# Values on train that are not present on test and vice versa

I’m wondering how to deal (and if I have to) with values on train that are not present on test and vice versa.

Let’s say that category1 on my train set can have one of these possible values: A,B,C,D and E; On my test set, I can have: C,D,E,F and G

Clearly you can see that “A and B” occur on train but do not occur on test and “F and G” occur on test but do not occur on train.

I’m wondering if my model (any model) would benefit from updating A and B to something like “not in test” so the algorithm won’t bother to find “logic” on train categories that can’t be applied on test (or at least will bother less because there is only one cat now instead of many). Not sure if updating F and G to “not in train” makes any sense as well.

Two extra points: If mentioned only two categories missing for simplicity, There are actually more than two but the row count of missing values is very small, like 100 out of 150.000 both ways.

First, just to make things clear,you should divide your samples from all categories between train and test, but I guess you can't do that or else you wouldn't ask.

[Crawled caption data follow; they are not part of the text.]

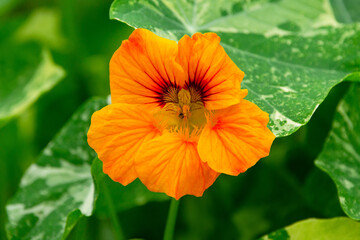 Colorful big orange nasturtium flower with green foliage.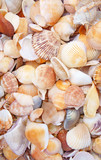 Fototapeta Łazienka - Seashell background, lots of different seashells piled together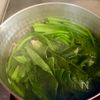 【豆腐とほうれん草のごま麺つゆ和え】15分で作れて激うま！の工程1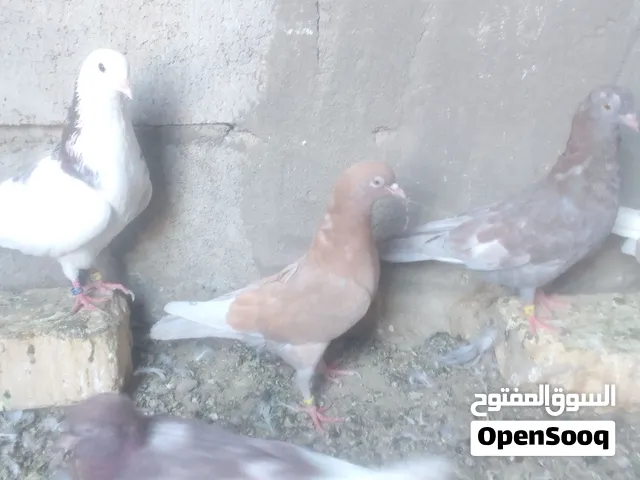 السلام عليكم حمام لوت مخالبف مال السنه امهاتهن مال بر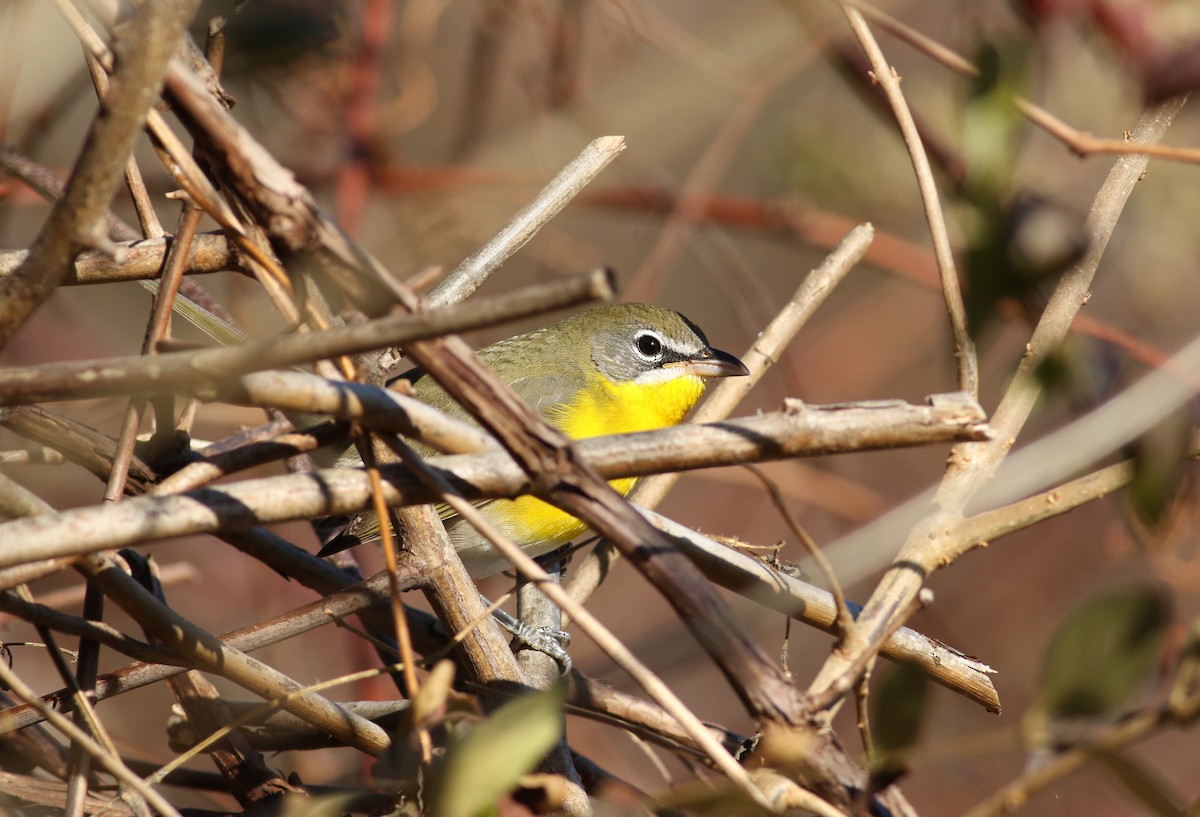 Yellow-breasted Chat - ML189443451
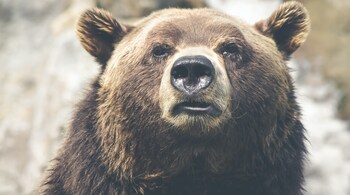 We could all soon become Winter Soliders, given the long cold bearish winter that is expected. (Image: Thomas Lefebvre via Unsplash)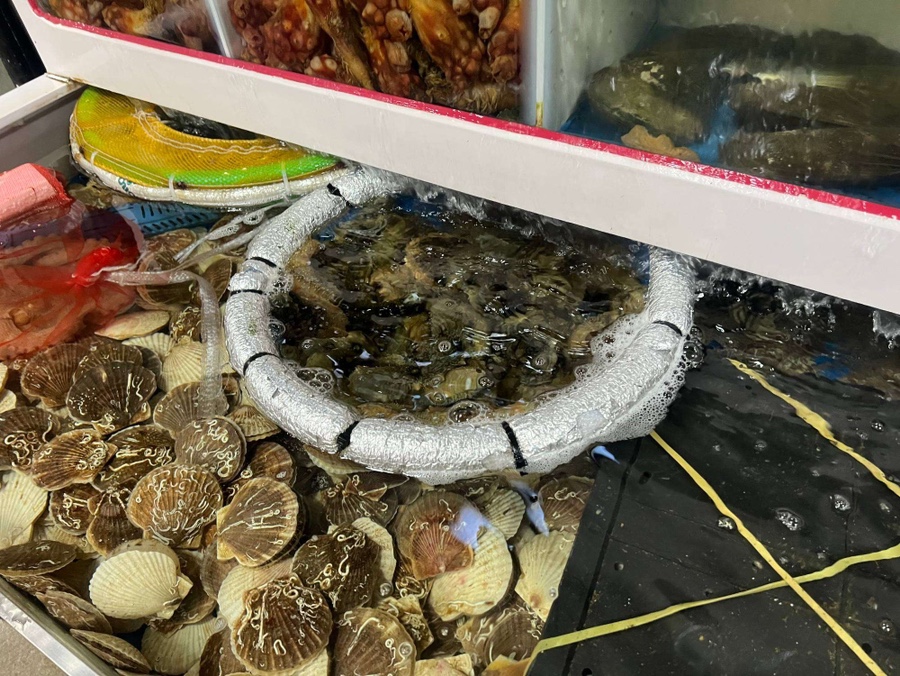 참치공주 이미지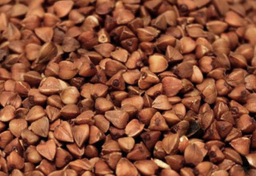 Kasza gryczana czyli pogańskie krupy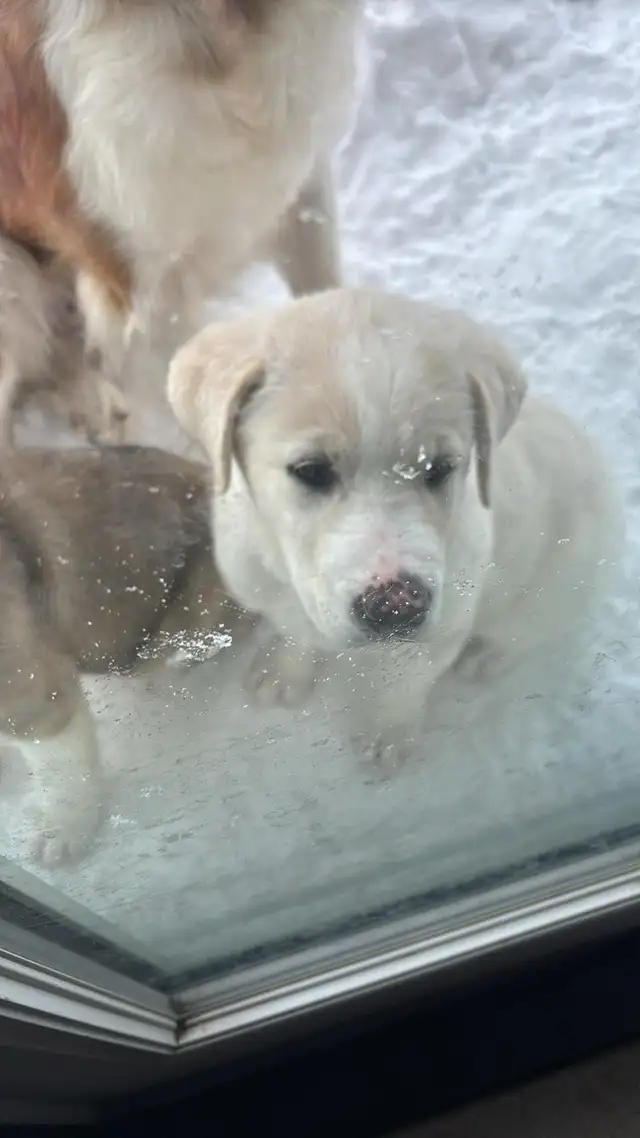 St. Bernard cross puppies - Photo 2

As for your question, I think you should define a "neither" class for train and test as it will help classify samples which don't look like C,D or E. Then on test, samples F and G will be classified to this category and you can label them randomly there as F or G. That might be the best you can get out of it by means of accuracy.

• are you sure it should be the same "neither" class for train and test? If we do so, the model will consider "F" and "G" on test the same as "A" and "B" on train (because we converted everything to "neither". I presume it should be two different categories. Oct 18 '16 at 15:30
• It will but why does it matter? Do you plan on seeing A and B later in the future? They just help you in the training phase by telling you how C,D or E doesn't look like so you can classify F and G better. Oct 18 '16 at 16:14
• I think it matter because the model may conclude things about F and G based on rows A and B on training data...and that doesn't sound right. it looks like two different labels make more sense or even just creating new labels on train as on test, F, G and the supposed new label would be the same thing as all of them do not exist on train. Thanks Oct 19 '16 at 9:00

The goal of having a training set is not trying to see all the data, but capture the "trend / pattern" of the data.

For continuous case:

I can easily make up one example, that the training set and test set have no intersections, but the model is still successful. (black dots are training data and red triangle are testing data. the black line is the model).

par(cex=2)
set.seed(0)
x_train=runif(10)
y_train=3*x_train+0.5*runif(10)
x_test=runif(10)
y_test=3*x_test+0.5*runif(10)
plot(x_train,y_train)
points(x_test,y_test,col=2,pch=2)
abline(lm(y_train~x_train))
grid()


For discrete case (you example):

In general, the training data should be big and representative enough to see all the possible values. However, we may still have some exceptions. In such a case, we can use "Other" category to do the coding. And we should always model the "common values".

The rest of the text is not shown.